=== Begin Enclosure ===

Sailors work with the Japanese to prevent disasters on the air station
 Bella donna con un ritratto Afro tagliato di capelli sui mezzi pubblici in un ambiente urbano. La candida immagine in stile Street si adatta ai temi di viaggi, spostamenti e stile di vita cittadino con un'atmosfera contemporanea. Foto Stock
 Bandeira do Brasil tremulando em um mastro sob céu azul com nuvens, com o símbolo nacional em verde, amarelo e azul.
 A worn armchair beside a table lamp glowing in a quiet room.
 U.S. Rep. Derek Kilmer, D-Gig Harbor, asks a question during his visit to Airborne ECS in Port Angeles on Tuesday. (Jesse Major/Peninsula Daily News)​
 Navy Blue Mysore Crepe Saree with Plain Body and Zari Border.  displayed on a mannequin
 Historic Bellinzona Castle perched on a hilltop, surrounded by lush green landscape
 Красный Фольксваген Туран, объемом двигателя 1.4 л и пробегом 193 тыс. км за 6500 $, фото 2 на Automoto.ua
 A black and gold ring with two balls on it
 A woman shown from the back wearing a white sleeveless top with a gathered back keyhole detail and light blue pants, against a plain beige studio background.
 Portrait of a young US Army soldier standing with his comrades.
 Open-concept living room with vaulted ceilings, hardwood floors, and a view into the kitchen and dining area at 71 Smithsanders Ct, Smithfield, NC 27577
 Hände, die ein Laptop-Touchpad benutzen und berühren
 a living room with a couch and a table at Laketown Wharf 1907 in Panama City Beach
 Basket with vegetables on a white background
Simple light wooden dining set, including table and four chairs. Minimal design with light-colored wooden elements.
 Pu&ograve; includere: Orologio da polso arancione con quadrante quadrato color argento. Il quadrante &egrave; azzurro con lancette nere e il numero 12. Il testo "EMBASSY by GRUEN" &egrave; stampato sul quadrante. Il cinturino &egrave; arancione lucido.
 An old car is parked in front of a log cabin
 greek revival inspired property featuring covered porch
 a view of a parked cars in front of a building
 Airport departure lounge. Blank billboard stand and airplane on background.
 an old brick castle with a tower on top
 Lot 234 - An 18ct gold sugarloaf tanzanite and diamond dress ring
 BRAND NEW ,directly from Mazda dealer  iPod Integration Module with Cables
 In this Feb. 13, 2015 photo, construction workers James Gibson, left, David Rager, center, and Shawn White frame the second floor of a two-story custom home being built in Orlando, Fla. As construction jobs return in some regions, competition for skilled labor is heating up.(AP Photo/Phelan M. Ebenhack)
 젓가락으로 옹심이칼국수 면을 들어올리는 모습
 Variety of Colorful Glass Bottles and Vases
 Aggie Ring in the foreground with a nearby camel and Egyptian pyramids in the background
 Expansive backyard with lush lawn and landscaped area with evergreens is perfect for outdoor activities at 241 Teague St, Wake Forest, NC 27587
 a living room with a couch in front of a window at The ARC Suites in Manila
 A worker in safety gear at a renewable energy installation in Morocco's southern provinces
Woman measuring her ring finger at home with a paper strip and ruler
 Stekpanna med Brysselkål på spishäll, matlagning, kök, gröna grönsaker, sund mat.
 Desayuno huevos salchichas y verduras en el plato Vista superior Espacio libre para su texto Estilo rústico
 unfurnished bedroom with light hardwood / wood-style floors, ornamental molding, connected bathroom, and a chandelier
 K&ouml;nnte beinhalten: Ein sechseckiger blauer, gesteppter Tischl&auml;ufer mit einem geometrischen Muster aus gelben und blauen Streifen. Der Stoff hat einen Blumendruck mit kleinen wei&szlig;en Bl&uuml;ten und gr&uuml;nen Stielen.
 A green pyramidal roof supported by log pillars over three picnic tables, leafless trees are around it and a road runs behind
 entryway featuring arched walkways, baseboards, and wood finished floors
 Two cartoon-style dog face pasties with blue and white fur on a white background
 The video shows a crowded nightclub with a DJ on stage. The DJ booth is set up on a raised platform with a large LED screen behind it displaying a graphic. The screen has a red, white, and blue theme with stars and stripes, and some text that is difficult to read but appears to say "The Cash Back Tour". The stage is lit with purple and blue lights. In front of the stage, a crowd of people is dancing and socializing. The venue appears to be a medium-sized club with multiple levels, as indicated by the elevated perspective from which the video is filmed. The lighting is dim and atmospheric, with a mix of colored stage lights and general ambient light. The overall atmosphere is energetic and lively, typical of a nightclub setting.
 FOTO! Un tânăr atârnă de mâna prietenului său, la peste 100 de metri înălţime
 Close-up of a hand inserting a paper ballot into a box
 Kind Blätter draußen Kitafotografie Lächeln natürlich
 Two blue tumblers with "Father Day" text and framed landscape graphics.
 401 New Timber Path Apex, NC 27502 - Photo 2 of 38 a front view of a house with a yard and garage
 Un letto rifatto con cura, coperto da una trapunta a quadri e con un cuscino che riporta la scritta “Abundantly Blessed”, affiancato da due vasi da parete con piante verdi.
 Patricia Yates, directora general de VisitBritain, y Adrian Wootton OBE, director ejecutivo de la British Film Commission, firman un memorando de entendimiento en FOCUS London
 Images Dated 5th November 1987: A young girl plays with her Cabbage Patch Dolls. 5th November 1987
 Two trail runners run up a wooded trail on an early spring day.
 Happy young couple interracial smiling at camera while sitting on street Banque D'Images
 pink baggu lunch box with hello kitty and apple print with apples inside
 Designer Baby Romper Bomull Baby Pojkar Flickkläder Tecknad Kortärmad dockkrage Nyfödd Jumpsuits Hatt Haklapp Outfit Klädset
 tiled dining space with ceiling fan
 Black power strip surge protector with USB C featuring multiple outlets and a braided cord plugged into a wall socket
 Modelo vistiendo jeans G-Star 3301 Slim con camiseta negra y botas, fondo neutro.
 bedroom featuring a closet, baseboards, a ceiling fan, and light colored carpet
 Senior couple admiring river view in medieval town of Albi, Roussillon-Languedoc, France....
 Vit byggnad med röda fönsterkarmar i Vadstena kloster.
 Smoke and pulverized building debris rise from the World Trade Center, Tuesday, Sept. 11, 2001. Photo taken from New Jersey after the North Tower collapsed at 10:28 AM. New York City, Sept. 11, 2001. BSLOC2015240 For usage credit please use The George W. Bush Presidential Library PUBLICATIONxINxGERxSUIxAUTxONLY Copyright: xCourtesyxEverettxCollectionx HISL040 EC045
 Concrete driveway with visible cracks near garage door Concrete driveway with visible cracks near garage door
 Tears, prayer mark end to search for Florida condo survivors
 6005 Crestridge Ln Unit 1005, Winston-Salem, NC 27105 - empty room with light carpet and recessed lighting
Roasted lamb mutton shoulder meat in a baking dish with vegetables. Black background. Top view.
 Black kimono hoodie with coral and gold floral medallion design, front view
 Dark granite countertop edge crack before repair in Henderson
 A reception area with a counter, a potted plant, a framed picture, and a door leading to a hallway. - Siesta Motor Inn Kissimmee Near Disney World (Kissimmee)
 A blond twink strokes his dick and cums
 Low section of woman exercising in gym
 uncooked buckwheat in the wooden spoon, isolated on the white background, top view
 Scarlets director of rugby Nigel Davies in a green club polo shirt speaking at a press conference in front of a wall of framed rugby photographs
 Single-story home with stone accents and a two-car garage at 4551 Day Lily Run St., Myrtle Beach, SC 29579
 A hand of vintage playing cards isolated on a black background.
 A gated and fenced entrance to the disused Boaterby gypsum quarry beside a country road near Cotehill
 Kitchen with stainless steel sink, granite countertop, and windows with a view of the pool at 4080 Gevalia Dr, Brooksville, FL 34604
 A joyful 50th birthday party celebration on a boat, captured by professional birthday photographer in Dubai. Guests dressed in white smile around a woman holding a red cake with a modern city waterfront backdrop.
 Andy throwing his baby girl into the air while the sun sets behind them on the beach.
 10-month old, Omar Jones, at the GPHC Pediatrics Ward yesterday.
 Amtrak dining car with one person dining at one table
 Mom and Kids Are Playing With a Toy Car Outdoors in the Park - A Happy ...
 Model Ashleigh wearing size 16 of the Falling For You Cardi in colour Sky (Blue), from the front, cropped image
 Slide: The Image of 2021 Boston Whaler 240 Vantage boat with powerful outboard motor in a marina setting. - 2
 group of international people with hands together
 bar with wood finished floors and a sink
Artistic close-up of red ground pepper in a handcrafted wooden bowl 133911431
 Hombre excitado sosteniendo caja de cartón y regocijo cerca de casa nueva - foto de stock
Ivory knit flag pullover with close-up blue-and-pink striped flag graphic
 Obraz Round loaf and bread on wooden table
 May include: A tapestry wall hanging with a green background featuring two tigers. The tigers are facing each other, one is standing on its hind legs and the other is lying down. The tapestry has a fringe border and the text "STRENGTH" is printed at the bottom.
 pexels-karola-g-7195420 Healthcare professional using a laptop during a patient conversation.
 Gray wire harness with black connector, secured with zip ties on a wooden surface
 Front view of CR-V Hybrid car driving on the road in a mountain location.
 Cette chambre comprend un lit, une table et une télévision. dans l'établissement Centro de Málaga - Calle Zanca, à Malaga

=== End Enclosure ===

## [TASK STATEMENT]
This exercise calls for the lines from the one holding "Artistic close-up of" through the end of the entries, transcribed exactly and with nothing more.

## [ANSWER SPACE]
Artistic close-up of red ground pepper in a handcrafted wooden bowl 133911431
 Hombre excitado sosteniendo caja de cartón y regocijo cerca de casa nueva - foto de stock
Ivory knit flag pullover with close-up blue-and-pink striped flag graphic
 Obraz Round loaf and bread on wooden table
 May include: A tapestry wall hanging with a green background featuring two tigers. The tigers are facing each other, one is standing on its hind legs and the other is lying down. The tapestry has a fringe border and the text "STRENGTH" is printed at the bottom.
 pexels-karola-g-7195420 Healthcare professional using a laptop during a patient conversation.
 Gray wire harness with black connector, secured with zip ties on a wooden surface
 Front view of CR-V Hybrid car driving on the road in a mountain location.
 Cette chambre comprend un lit, une table et une télévision. dans l'établissement Centro de Málaga - Calle Zanca, à Malaga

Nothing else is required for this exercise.